The Object Enthusiast Products - geometric and organic with subtle accents


   “I’m always interested in the objects that people live with — the dish that holds their rings when they wash the dishes or the planter that keeps their favorite plant or the cup they reach for to drink out of every day,” Reinhardt says. “I’m always thinking of everyday objects, and if it’s something that’s not normally made of clay, then can I make it out of clay? That’s how I arrive at the stuff I make.”

   Reinhardt employs a variety of methods: slip-casting, hand- and slab-building, wheel-throwing. After it’s built, each product follows the same cycle: a few days of drying, then a primary bisque firing, then a first glazing and a second firing, then a second glazing — usually to add the gold touches — and a final round in the kiln.

   “Each piece ends up in the kiln at least three times, and each firing takes about 10 to 12 hours,” Reinhardt says. “There’s a long cooling process, so start to finish, each piece takes about two weeks.”

   Insight into this labor-intensive operation helps pull the blinds back on Reinhardt’s pricing strategy. Ring dishes start at $22 and are the least expensive item she sells — other pieces, like trays, platters and pots, range between $40 and $145, depending on the size and design.

   “I do want to be affordable,” Reinhardt says, “but at the same time, everything I do is made one at a time. There’s nothing cheap or quick about my work, so I have to account for the time I put in.”

   Reinhardt works out of the garage behind her house in Kansas City’s Brookside neighborhood. This has been her haven since December 2015, when she moved back to her hometown after spending five years in Omaha, Nebraska. On pleasant-weather days, Reinhardt hoists the garage door wide open. The evening’s setting sun casts a warm glow across the wares stacked on shelves. They are organized by varying stages of completion — still-wet pieces just starting to dry, greenware after its first bisque firing, pastel-colored vases awaiting their next glaze and one shelf full of finished plates and dishes, their gold accents glinting in the light.


Object Enthusiast works


   Reinhardt’s work oscillates between art and function. She grapples with labels, because it always seems that her objects fall into a category all their own. Her work is not meant to sit on a pedestal against a white wall in a pristine gallery, and yet there is little chance of finding something as earnest and exquisite as her textured, eggshell-colored, gold-rimmed platters at Target. Reinhardt calls herself an artist but considers her creations home goods.

   “In my eyes, a functional object can still be art,” she says. “And then, even though the things I make are usable, I do make a lot of things where people are like, ‘What would I use this for?’ But sometimes, what seems like an everyday object means something a little deeper. So, I’m OK being called an artist and a potter and a maker.

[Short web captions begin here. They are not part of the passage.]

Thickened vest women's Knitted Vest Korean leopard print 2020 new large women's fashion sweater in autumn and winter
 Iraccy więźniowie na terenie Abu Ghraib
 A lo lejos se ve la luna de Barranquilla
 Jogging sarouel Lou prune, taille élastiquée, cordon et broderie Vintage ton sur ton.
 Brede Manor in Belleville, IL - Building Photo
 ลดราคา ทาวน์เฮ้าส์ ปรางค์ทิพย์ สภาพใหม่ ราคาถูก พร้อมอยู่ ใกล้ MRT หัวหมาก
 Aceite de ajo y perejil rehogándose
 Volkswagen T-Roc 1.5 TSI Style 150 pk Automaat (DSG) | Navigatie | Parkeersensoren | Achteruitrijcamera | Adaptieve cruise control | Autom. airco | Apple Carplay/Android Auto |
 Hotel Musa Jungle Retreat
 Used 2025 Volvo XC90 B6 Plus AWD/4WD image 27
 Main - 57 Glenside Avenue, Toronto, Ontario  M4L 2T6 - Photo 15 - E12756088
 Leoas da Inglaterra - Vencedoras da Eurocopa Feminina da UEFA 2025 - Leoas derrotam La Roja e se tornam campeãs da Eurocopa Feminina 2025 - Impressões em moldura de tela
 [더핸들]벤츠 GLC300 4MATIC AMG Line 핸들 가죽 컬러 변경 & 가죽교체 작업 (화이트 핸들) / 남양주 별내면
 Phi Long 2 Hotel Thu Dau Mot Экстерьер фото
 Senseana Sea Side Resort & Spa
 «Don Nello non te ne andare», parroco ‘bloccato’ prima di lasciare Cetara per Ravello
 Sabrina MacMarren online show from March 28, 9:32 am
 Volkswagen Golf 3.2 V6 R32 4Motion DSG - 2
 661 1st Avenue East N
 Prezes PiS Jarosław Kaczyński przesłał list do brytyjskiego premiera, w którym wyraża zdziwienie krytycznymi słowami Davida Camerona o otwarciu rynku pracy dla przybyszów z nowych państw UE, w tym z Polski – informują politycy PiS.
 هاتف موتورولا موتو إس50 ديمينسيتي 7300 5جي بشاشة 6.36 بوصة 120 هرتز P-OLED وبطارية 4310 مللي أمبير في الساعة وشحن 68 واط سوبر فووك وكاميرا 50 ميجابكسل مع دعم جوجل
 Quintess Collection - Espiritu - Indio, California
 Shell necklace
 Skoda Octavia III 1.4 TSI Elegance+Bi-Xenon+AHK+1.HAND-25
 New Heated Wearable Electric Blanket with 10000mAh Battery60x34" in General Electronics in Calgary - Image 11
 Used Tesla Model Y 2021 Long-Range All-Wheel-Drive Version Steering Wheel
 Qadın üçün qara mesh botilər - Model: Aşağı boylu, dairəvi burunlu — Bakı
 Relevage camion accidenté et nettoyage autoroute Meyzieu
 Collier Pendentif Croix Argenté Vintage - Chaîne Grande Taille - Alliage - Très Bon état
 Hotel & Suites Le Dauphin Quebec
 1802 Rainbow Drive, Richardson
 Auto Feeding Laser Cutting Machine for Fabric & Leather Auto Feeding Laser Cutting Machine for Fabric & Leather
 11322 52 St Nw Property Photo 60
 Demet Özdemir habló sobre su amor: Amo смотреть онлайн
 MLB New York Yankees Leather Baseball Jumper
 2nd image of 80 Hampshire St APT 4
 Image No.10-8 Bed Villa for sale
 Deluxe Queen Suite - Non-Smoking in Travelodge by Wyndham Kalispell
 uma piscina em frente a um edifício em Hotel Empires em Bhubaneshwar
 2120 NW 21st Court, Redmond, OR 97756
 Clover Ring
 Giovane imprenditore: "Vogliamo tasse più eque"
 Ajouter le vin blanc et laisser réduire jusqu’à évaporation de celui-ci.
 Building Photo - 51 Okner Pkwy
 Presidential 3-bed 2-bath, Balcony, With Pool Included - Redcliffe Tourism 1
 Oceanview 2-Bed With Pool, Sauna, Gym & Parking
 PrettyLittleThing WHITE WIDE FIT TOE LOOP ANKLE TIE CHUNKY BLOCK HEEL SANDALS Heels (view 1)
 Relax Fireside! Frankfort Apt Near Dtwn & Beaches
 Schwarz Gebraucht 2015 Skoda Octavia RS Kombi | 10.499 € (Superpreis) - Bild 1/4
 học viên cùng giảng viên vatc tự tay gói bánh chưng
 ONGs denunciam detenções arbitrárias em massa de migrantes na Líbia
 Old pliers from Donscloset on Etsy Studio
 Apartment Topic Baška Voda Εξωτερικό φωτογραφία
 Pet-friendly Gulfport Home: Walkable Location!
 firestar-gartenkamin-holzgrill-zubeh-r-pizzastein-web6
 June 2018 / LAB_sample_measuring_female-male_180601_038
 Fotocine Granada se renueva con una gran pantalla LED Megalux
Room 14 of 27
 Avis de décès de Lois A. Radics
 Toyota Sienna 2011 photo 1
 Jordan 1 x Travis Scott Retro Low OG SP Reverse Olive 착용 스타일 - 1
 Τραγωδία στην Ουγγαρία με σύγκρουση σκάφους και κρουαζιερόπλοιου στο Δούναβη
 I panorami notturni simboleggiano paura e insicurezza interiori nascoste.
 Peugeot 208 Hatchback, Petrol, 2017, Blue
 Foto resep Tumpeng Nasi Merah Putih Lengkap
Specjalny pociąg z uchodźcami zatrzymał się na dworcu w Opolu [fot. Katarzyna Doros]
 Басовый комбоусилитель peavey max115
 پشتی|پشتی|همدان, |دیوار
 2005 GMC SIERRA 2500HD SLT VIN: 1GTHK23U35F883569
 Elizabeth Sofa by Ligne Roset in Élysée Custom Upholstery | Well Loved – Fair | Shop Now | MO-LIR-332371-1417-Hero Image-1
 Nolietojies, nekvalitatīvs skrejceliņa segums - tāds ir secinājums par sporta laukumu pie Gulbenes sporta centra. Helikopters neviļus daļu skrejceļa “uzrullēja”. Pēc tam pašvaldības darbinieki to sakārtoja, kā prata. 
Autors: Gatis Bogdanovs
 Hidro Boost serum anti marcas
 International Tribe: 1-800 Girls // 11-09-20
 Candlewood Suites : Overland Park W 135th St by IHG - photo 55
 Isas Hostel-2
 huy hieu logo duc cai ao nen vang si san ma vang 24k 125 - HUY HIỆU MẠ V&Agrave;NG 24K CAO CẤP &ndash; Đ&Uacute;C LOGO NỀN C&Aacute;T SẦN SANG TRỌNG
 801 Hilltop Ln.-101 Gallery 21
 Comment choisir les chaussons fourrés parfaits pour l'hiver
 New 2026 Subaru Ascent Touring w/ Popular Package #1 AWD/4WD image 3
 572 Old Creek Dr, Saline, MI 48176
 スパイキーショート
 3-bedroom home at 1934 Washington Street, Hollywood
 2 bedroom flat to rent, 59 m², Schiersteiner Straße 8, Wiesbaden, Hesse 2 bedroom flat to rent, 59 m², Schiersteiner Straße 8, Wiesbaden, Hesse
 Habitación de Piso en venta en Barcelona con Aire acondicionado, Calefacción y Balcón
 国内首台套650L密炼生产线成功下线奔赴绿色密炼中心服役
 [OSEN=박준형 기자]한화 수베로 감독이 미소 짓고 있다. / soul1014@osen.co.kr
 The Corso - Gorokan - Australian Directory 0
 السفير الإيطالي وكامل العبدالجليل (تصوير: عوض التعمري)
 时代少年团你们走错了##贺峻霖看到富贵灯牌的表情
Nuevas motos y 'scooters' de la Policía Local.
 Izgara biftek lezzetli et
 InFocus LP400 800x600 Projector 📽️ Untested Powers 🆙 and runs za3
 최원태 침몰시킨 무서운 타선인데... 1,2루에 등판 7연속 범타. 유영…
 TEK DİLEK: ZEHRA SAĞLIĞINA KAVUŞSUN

All those things fit.”

   Today, Reinhardt employs a single assistant to help her stay on top of her big wholesale orders, which includes shops in more than 10 states, online retailers, Urban Outfitters and, recently, a special dinnerware line for the newly opened Corvino Supper Club and Tasting Room in the Crossroads Arts District. The Corvino order, she says, has inspired further dinnerware designs that she hopes to roll out soon.

   Eventually, she says, she’d like to have a storefront of her own — a physical shop where she can sell her pieces, along with a few choice goods from other makers she admires. On the Object Enthusiast website, there are already traces of Reinhardt’s intentions: brass spoons, incense, candles, pillows and other soft goods are interspersed with her products.

   “I’m kind of trying to beef up the website so that whenever the day comes for me to open up a store,” she says, “it won’t be a drastic change to see other products next to my work and within the context of the brand itself. I’m trying to include objects that would go in the home and could sit next to things that I make.”